The terms defined by this document are also provided in RDF Schema format.
Copyright © 2017 W3C® (MIT, ERCIM, Keio, Beihang). W3C liability, trademark and document use rules apply.
This document is a specification for a vocabulary to represent content in the Resource Description Framework (RDF). This vocabulary is intended to provide a flexible framework within different usage scenarios to semantically represent any type of content, be it on the Web or in local storage media. For example, it can be used by web quality assurance tools such as web accessibility evaluation tools to record a representation of the assessed web content, including text, images, or other types of formats. In many cases, it can be used together with HTTP Vocabulary in RDF 1.0, which allows quality assurance tools to record the HTTP headers that have been exchanged between a client and a server. This is particularly useful for quality assurance testing, conformance claims, and reporting languages like the W3C Evaluation And Report Language (EARL).
This section describes the status of this document at the time of its publication. Other documents may supersede this document. A list of current W3C publications and the latest revision of this technical report can be found in the W3C technical reports index at https://www.w3.org/TR/.
This Representing Content in RDF 1.0 is published as a W3C Working Group Note because the Evaluation and Repair Tools Working Group (ERT WG) reached the end of its Charter.
Representing Content in RDF 1.0 is a supporting document for the Evaluation and Report Language (EARL) 1.0 Schema but can be used in other contexts too. It is considered to be complete and mature but at this time there are not sufficient implementations to finalize this work.
If you wish to make comments regarding this Representing Content in RDF 1.0 document, please send them to public-earl10-comments@w3.org (publicly visible mailing list archive).

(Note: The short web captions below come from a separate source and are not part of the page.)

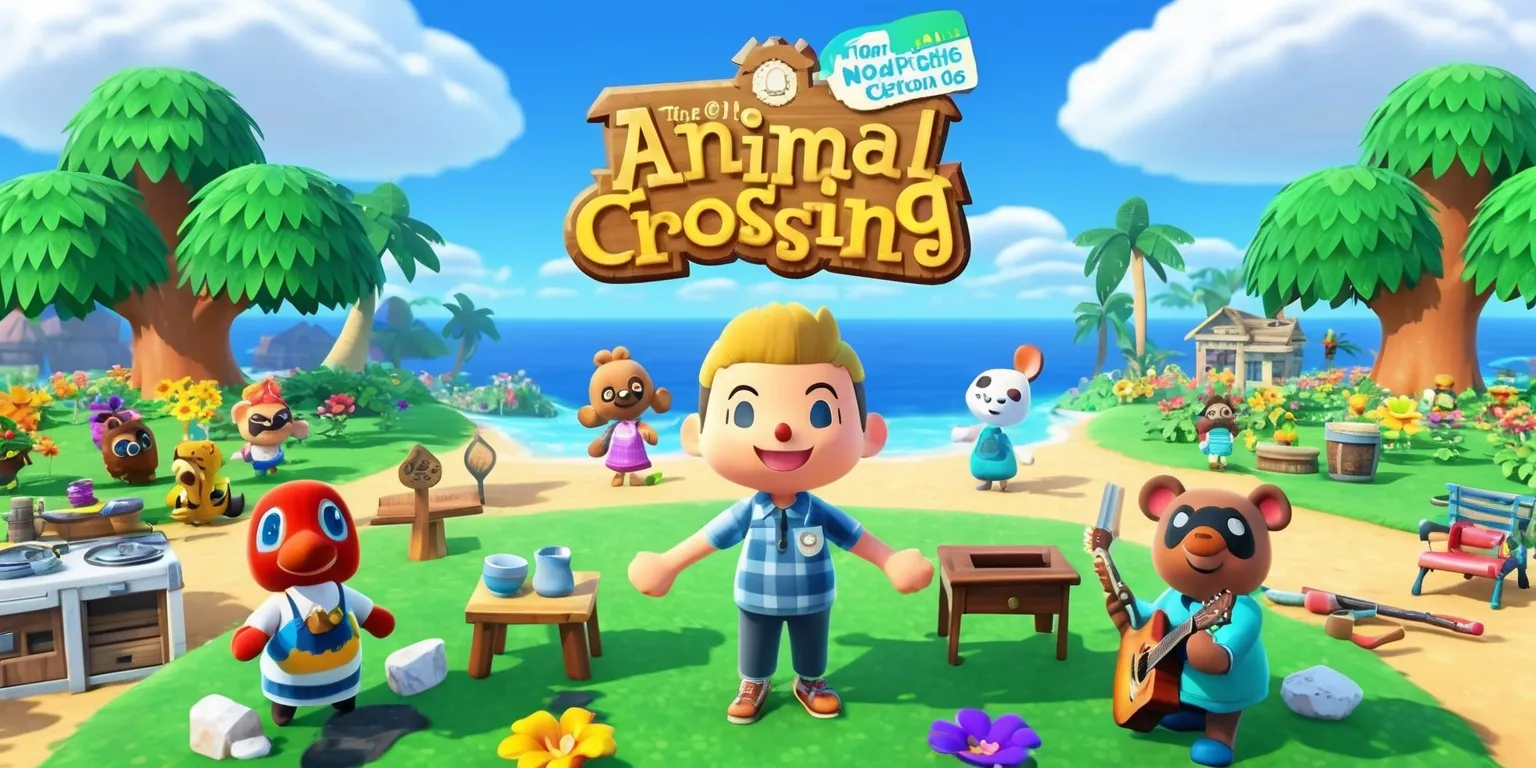 A vibrant and colorful digital illustration of the Animal Crossing: New Horizons game, featuring Tom Nook standing in front of a beautiful island landscape with lush green trees, colorful flowers, and a serene ocean in the background, with a few villagers of different species and skin colors, including a smiling Isabelle with blonde hair and a tan complexion, and a happy K.K. Slider with his guitar, surrounded by various game items and furniture, such as fishing rods, tools, and decorative objects, with a bright blue sky and fluffy white clouds above, and a few palm trees swaying gently in the breeze.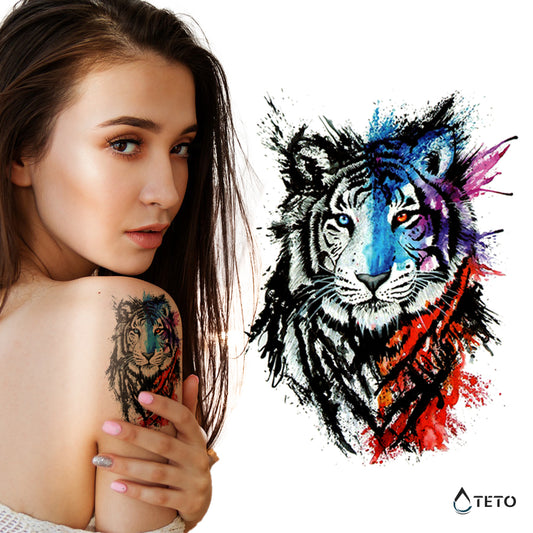Dvobojni tigar - TETO Privremene Tetovaže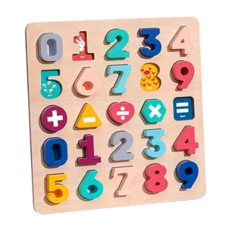 smartmom 木製拼圖手抓字母數字認知板 學習ABC 28.5 x 28.5 x 2cm,1組, 25片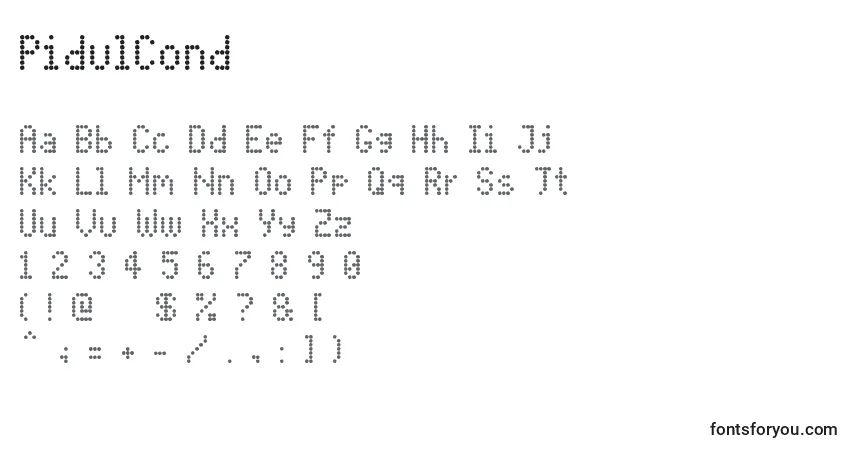 Schriftart PidvlCond – Alphabet, Zahlen, spezielle Symbole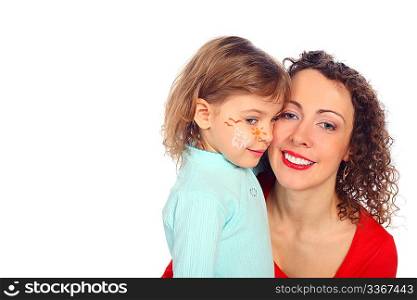 smiling mother and painted child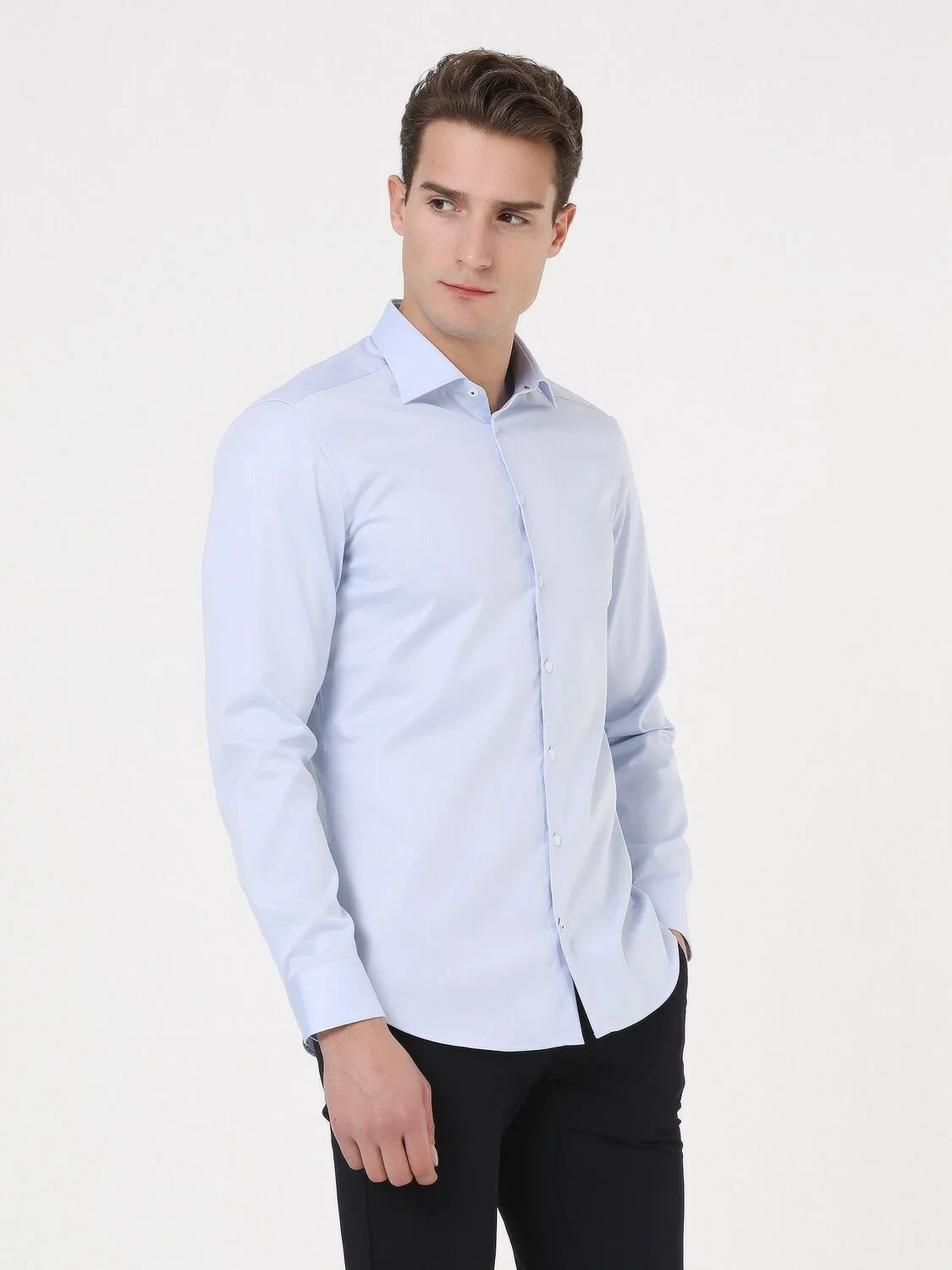 Blue Plain Slim Fit Weaving Classical 100% Cotton Shirt - 2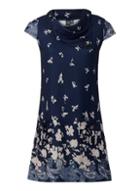 *izabel London Navy Floral Print Knit Shift Dress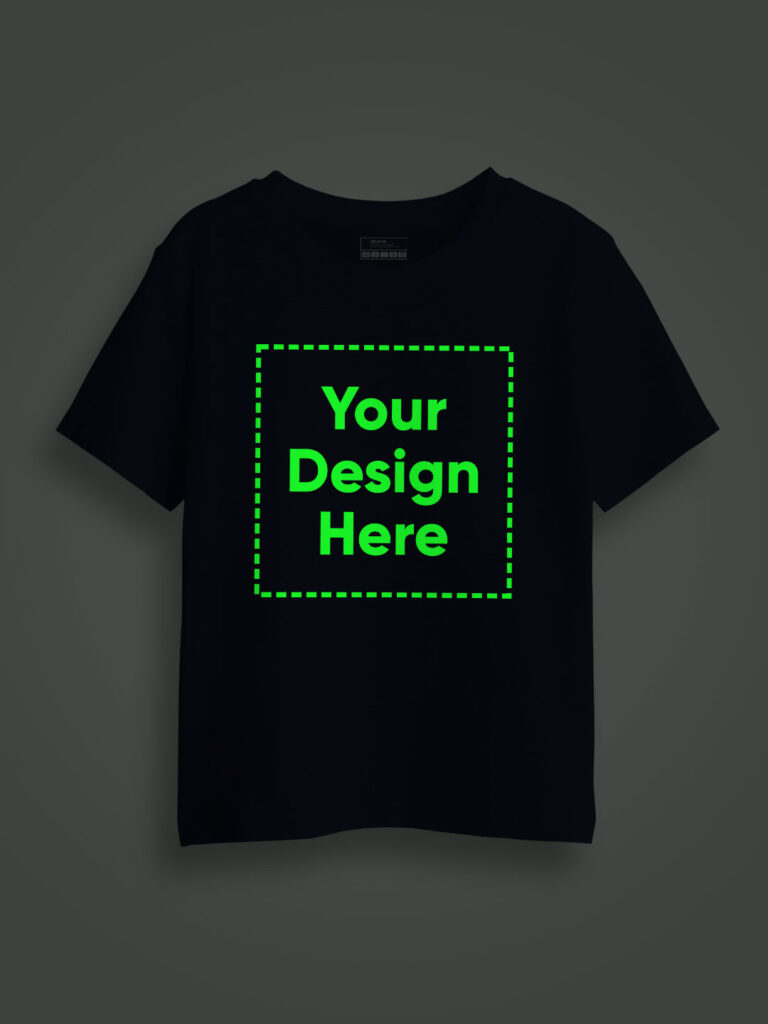 Kids Customize Printed Glow in Dark Navy Blue Half Sleeve Tshirt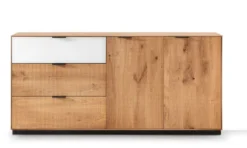 Sideboard 190cm 'Malaga ' Wildeiche verschiedene Variationen möglich Holz schwarz Sockel Glas weiß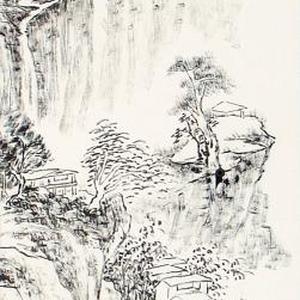 青山雨后图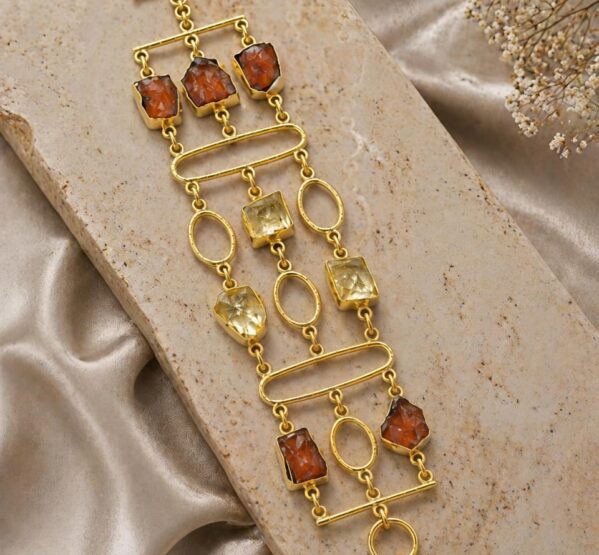 Amber Glow Dual-Tone Stone Bracelet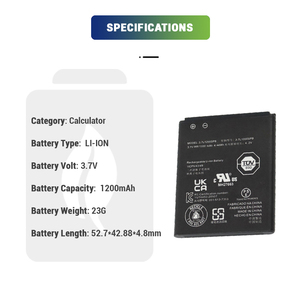 Bán buôn 3.7V 1200mAh thay thế 3. 7l12005spa P11P35-11-N01 Pin cho <span class=keywords><strong>Texas</strong></span> cụ <span class=keywords><strong>TI</strong></span>-<span class=keywords><strong>84</strong></span> CE CX CAS đồ họa máy tính - Product Image 2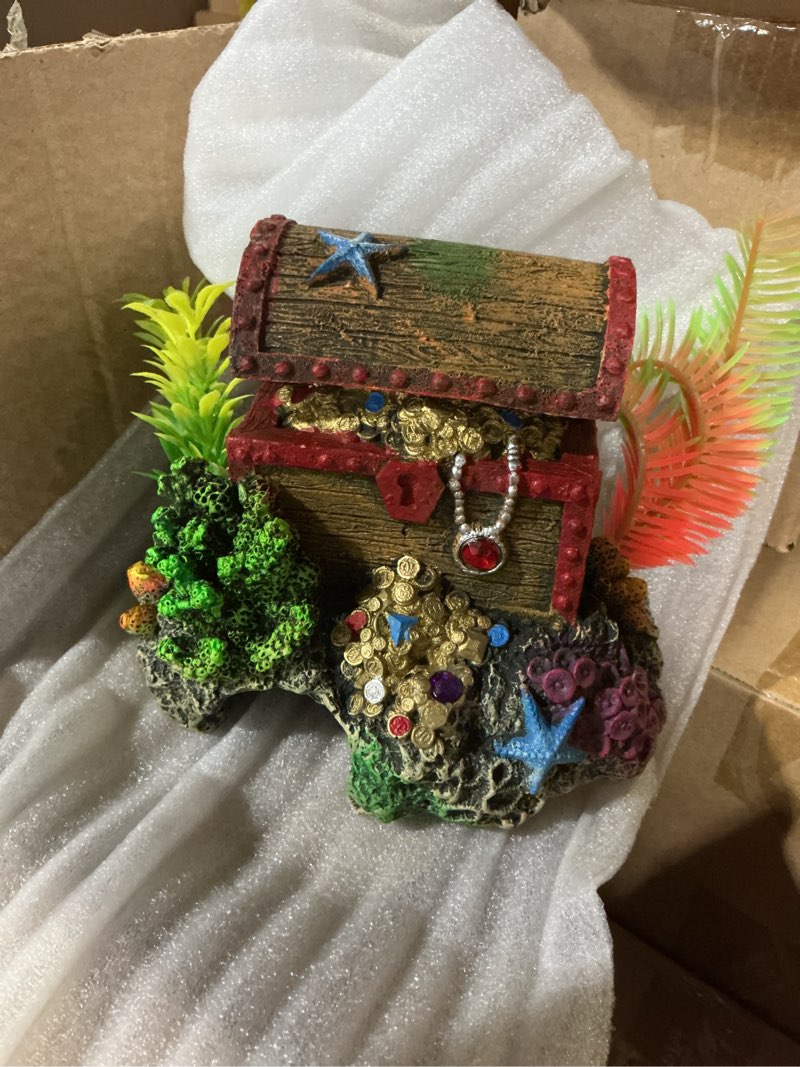 Condition photo showing New/Like New for GloFish Aquarium Décor and Pump, Treasure Chest Air Pump Decoration for Fish Tanks, Multicolor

Publication as a Working Group Note does not imply endorsement by the W3C Membership. This is a draft document and may be updated, replaced or obsoleted by other documents at any time. It is inappropriate to cite this document as other than work in progress.
This document has been produced by the Evaluation and Repair Tools Working Group (ERT WG) as part of the Web Accessibility Initiative (WAI) Technical Activity.
This document was produced by a group operating under the 5 February 2004 W3C Patent Policy. W3C maintains a public list of any patent disclosures made in connection with the deliverables of the group; that page also includes instructions for disclosing a patent. An individual who has actual knowledge of a patent which the individual believes contains Essential Claim(s) must disclose the information in accordance with section 6 of the W3C Patent Policy.
This document is governed by the 1 September 2015 W3C Process Document.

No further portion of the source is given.